**What to do**
What's wanted here is the full listing below, repeated exactly, with no images in it.

**Entries provided**
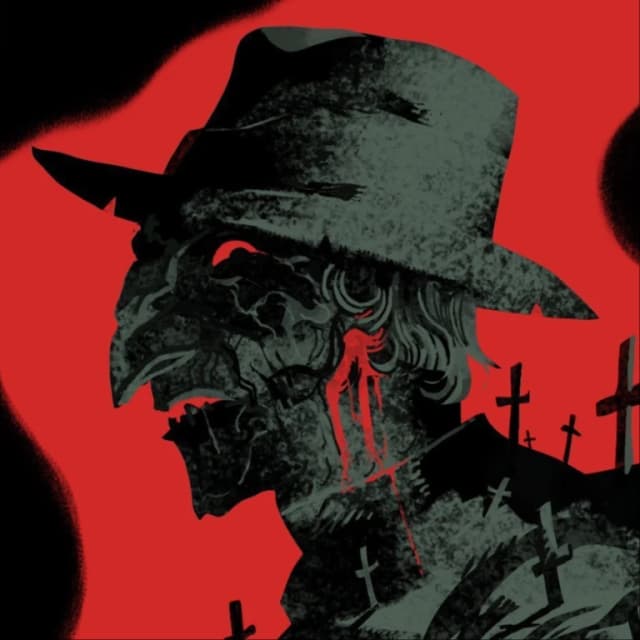 ISSUE 002 @Mechabarbarian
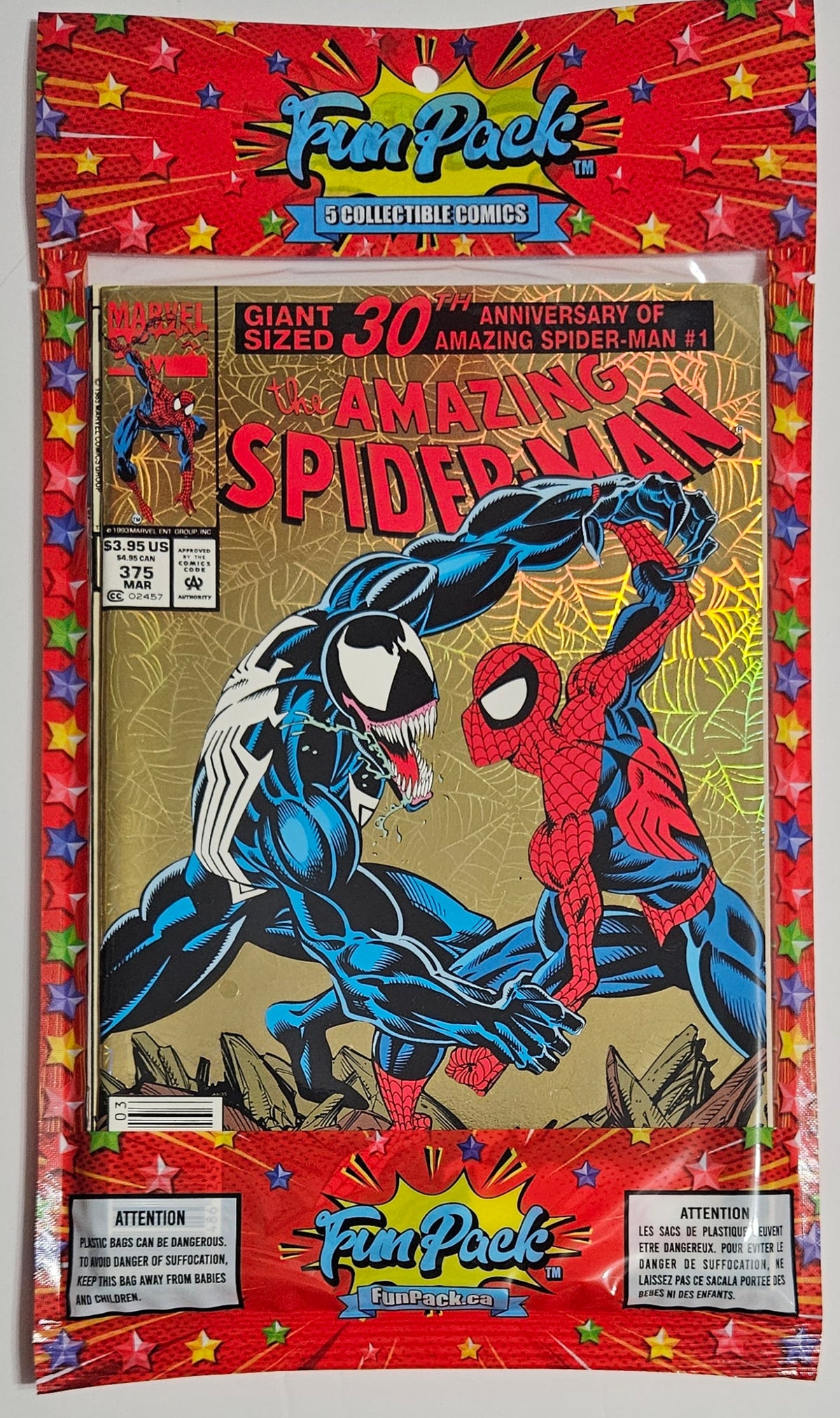 FunPack Red - ASM375Spawn45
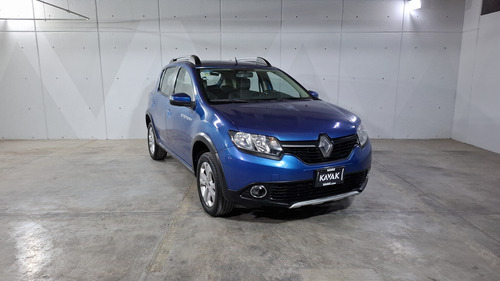 Renault Stepway 1.6 Dynamique Mt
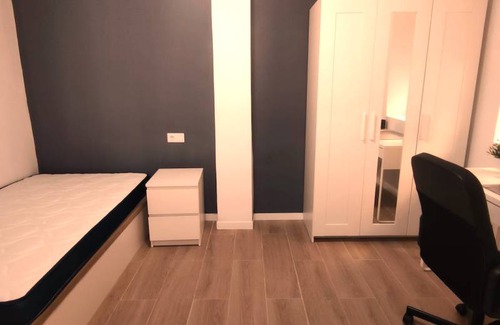Javali Viejo Resort | 150 m² Private room ∙ 1 bedroom ∙ 2 guests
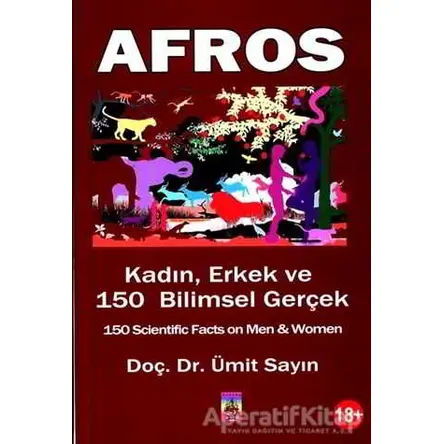 Afros - Ümit Sayın - Tantra Akademi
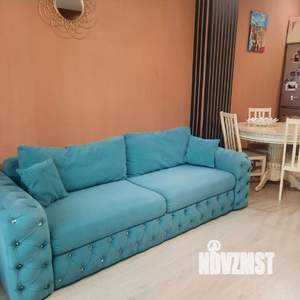 Студия квартира, вторичка, 52м2, 10/23 этаж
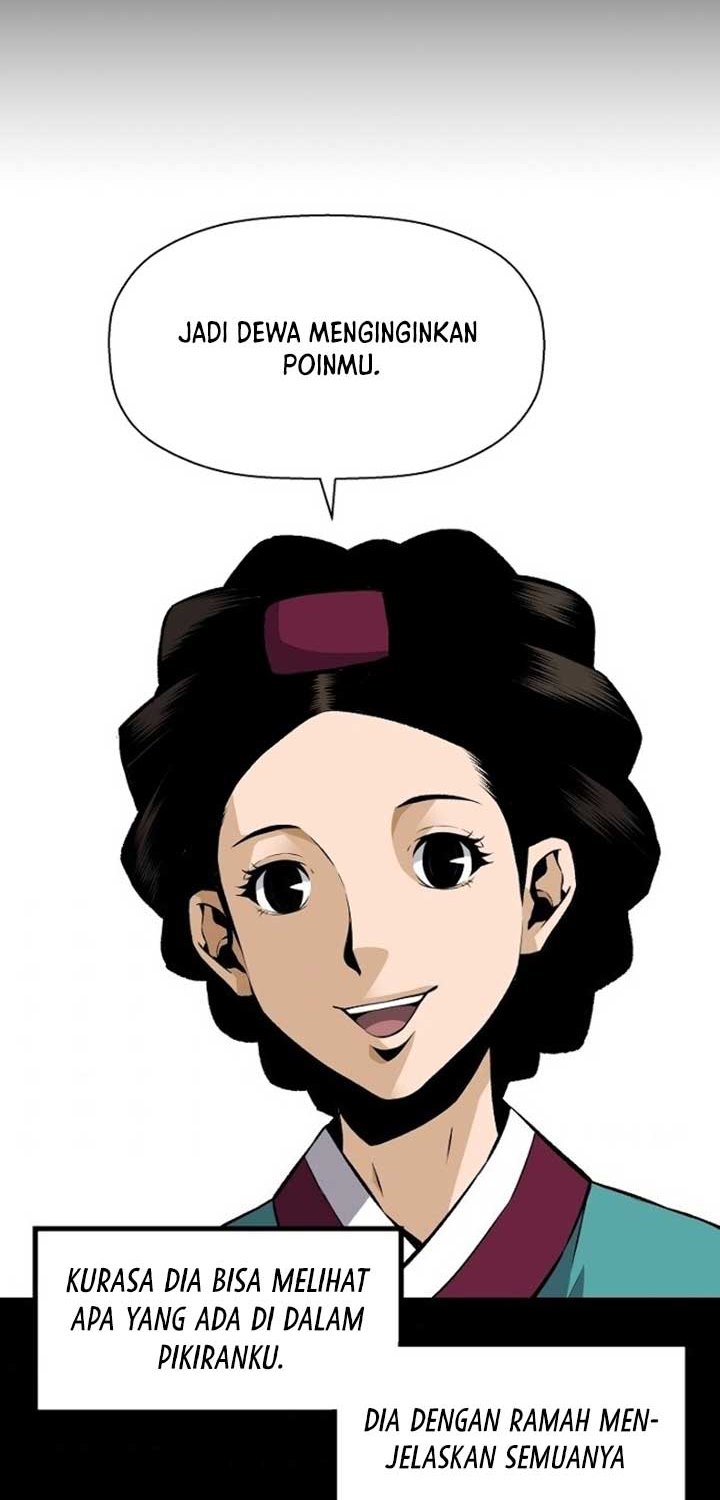 Return of the Legend Chapter 32 - halaman 51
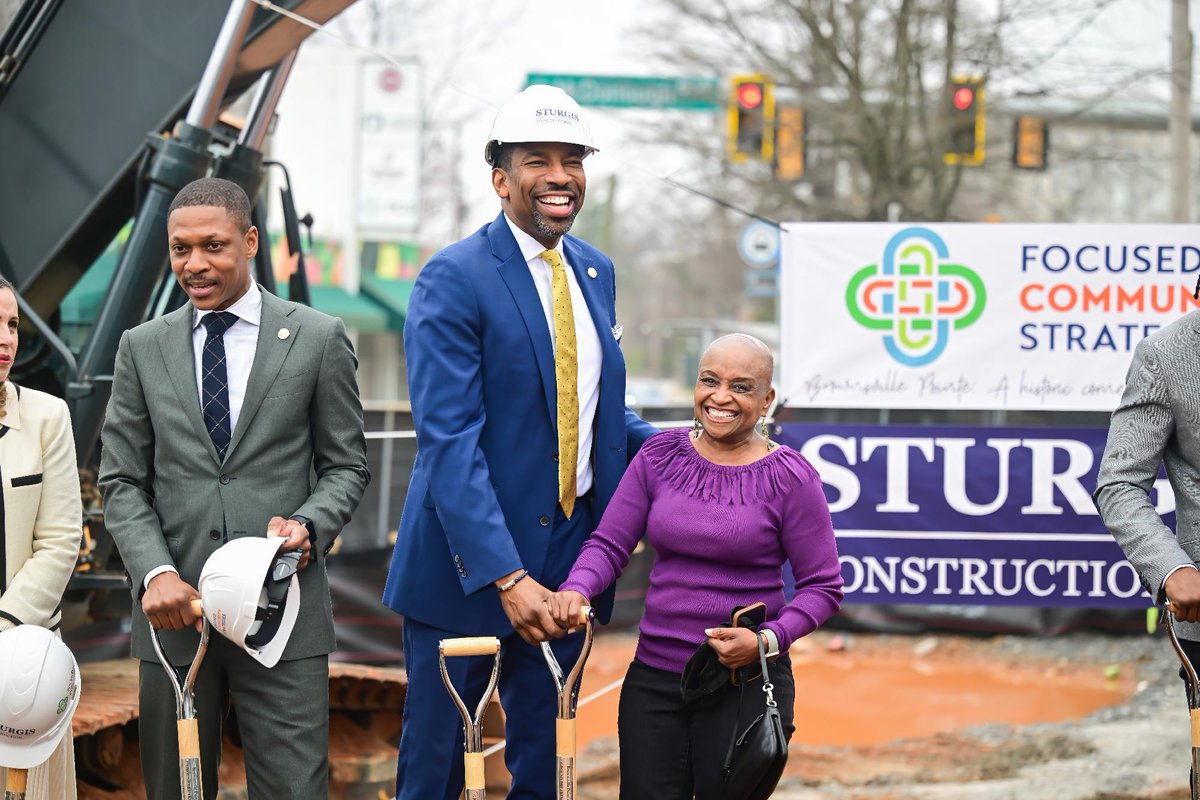 City of Atlanta, GA tweet media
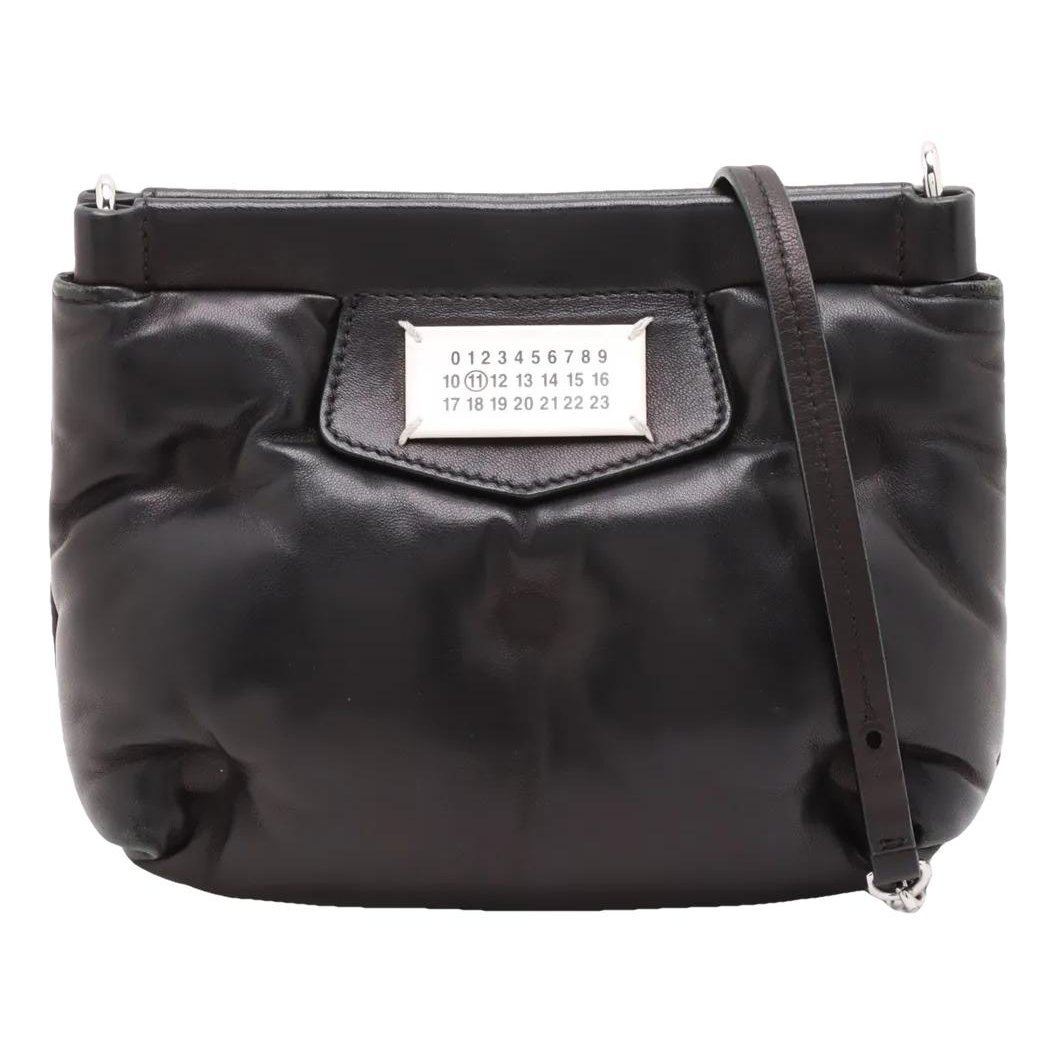Maison Martin Margiela Leather handbag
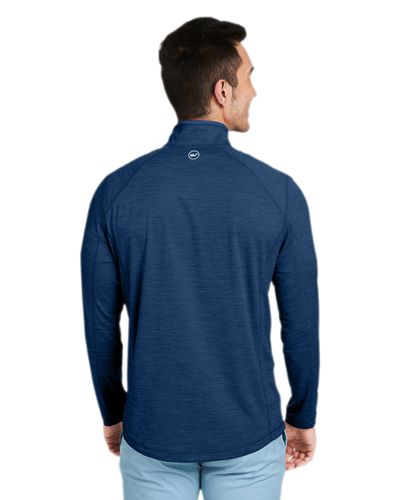 Vineyard Vines Men's Sankaty Quarter-Zip Pullover  image thumbnail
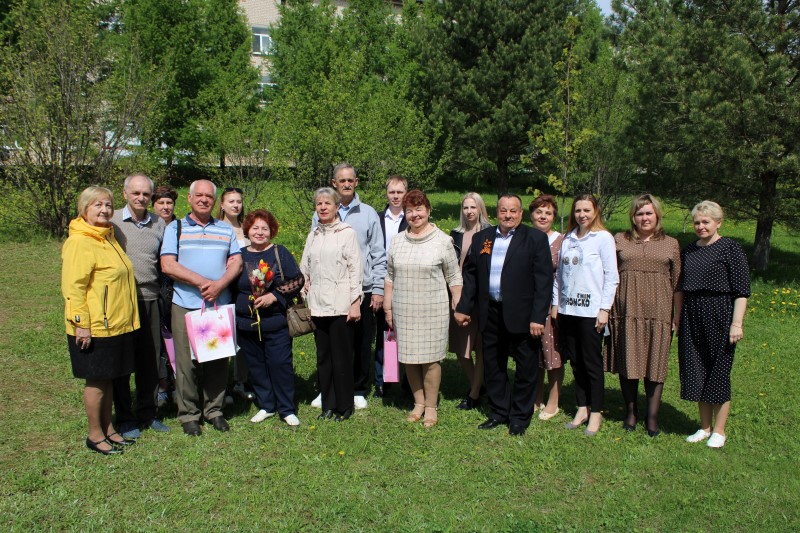 Международный день семьи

**Solution to this problem**
 ISSUE 002 @Mechabarbarian
 FunPack Red - ASM375Spawn45
 Renault Stepway 1.6 Dynamique Mt
Javali Viejo Resort | 150 m² Private room ∙ 1 bedroom ∙ 2 guests
 Afros - Ümit Sayın - Tantra Akademi
 Студия квартира, вторичка, 52м2, 10/23 этаж
 Return of the Legend Chapter 32 - halaman 51
 City of Atlanta, GA tweet media
Maison Martin Margiela Leather handbag
 Vineyard Vines Men's Sankaty Quarter-Zip Pullover  image thumbnail
 Международный день семьи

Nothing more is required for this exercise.